Shale samples collected from various sources help in determining the commercial viability of the project. Factors include:

• Shale hydrocarbon content (scf/ton, bbl/ton, GIP);
• Shale maturity;
• Kerogen type (Types I and II, oil; Type III, gas);
• Shale porosity, permeability, oil, water and gas saturations; and
• Shale desorption constant or gas isotherm.

Productive shale formations
In general, a productive shale formation includes these charactertistics:
• Zone thickness of >100 ft (30.5 m);
• Well bounded, and containing hydraulic fracture energy;
• Maturation in the gas window:
r = 1.1 to 1.4;
• Good gas content > 100 scf/ton;
• High total organic content (TOC) > 3%;
• Low hydrogen content;
• Moderate clay content < 40% with very low mixed-layer component;
• Brittle composition, as indicated by a low Poisson’s Ratio and a high Young’s Modulus;
• Combination of rock fabric and reservoir and lithology features that enhance gas producibility; and (Shale evaluation tests are shown in Table 1.)

Log data requirement
A triple-combo log can be used to obtain density, gamma ray, resistivity, neutron and density porosity. A wave-sonic log should be run to obtain mechanical rock properties.
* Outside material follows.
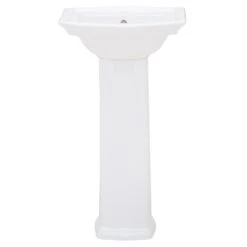Washington 460 Vitreous China Pedestal Combo Bathroom Sink In White -Valpar Bathroom Shop b5422ffd29ff4954c093f61985922eaa 1800x1800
An electromagnetic imaging (EMI) tool should be run to obtain natural and induced fracture direction, followed by analysis to identify sweet spots and a fracture-initiation site.

Enhancing production from shale
Re-stimulation has proved to increase recoverable reserves by 50 to 100%. Future vertical and horizontal wells are likely to be completed incorporating the capability to selectively treat, isolate and re-treat unstimulated areas along the vertical/horizontal well bore.

Stimulating vertical wells
From 1987 to 1997, the fracture design for the Barnett shale formation consisted of crosslinked gel (200,000 gal to 400,000 gal, carrying 500,000 to 2 million lb proppant). In 1998, light-sand fractures were introduced, then evolved into the large, slick-water fracture treatments now prevalent.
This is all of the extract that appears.